Wer einen ukrainischen Pass dabei hat, muss das Papier nur kurz für eine Kopie aus der Hand geben, die Polizei erfasst die Namen der Ankommenden, das war's. Drittstaatler dagegen werden erkennungsdienstlich erfasst, erklärt Polizeisprecher Marc Aigner. Auch dann, wenn die Person einen Pass hat und nachweist, sich bei Kriegsbeginn legal in der Ukraine aufgehalten zu haben.
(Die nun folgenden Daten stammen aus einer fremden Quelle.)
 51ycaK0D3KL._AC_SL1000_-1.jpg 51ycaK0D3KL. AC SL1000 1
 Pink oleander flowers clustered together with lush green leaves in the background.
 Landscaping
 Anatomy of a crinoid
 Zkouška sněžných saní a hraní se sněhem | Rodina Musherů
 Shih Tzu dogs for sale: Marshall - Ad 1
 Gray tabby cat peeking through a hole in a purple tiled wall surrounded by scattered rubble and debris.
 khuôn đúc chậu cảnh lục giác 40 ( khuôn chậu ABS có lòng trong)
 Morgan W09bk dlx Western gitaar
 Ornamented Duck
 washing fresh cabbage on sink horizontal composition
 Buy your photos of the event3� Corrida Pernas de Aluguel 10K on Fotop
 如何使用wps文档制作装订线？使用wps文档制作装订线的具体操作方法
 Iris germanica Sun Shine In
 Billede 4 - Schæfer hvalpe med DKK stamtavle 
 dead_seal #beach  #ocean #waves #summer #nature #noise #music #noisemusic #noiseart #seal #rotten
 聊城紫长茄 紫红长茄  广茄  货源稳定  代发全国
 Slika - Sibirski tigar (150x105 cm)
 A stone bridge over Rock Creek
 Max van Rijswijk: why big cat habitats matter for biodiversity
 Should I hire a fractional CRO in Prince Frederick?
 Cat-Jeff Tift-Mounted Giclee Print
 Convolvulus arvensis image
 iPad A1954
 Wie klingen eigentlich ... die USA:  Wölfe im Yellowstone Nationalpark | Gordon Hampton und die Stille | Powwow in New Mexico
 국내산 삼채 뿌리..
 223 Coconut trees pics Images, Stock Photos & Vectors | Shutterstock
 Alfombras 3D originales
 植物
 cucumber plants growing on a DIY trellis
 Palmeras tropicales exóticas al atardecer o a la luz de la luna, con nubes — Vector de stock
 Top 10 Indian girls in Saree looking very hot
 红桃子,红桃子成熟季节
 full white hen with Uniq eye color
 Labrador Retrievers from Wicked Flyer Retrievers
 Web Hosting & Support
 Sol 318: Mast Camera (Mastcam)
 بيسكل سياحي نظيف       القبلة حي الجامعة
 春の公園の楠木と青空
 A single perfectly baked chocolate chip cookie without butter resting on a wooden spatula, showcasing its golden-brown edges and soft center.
Von dieser Person macht die Polizei ein Foto und nimmt Fingerabdrücke.

Diskriminierung sei das nicht, betont der Sprecher und erklärt den Hintergrund. Ukrainer seien, ganz unabhängig vom Krieg, "Positivstaatler". So heißen im Polizeijargon Menschen aus einem Staat, der auf der sogenannten Positivliste steht. Bürger dieser Staaten dürfen ohne Visum einreisen und für drei Monate bleiben, zum Beispiel als Touristen.

Wer die Staatsangehörigkeit eines Landes hat, das nicht auf der Positivliste steht, und ohne Visum einreist, gegen den werde routinemäßig ein Verfahren wegen illegaler Einreise eröffnet. Bei Asylbewerbern geschieht dies in der Regel, wobei das Verfahren nach dem Stellen des Asylantrags ruht; am Ende bleibt es meist ohne Konsequenzen für die Flüchtlinge. Solch ein Verfahren wäre eigentlich auch bei Drittstaatlern aus der Ukraine einzuleiten. Gemäß Verordnung des Bundesinnenministeriums aber gelte laut Sprecher für diese Gruppe eine Ausnahme: Der Staat sieht ab von einer möglichen Strafverfolgung. Die erkennungsdienstliche Behandlung jedoch findet weiterhin statt.

"Bedenklich" findet das Thomas Lechner, Stadtrat der Linken. Es sei psychologisch denkbar ungünstig, die Geflüchteten ungleich zu behandeln, "sie kommen alle aus dem gleichen Krieg". Die Registrierung laufe bisher völlig reibungslos, betont Polizeisprecher Aigner. Mittels Dolmetschern erkläre man den Angekommenen das Prozedere. Alles laufe "absolut kooperativ".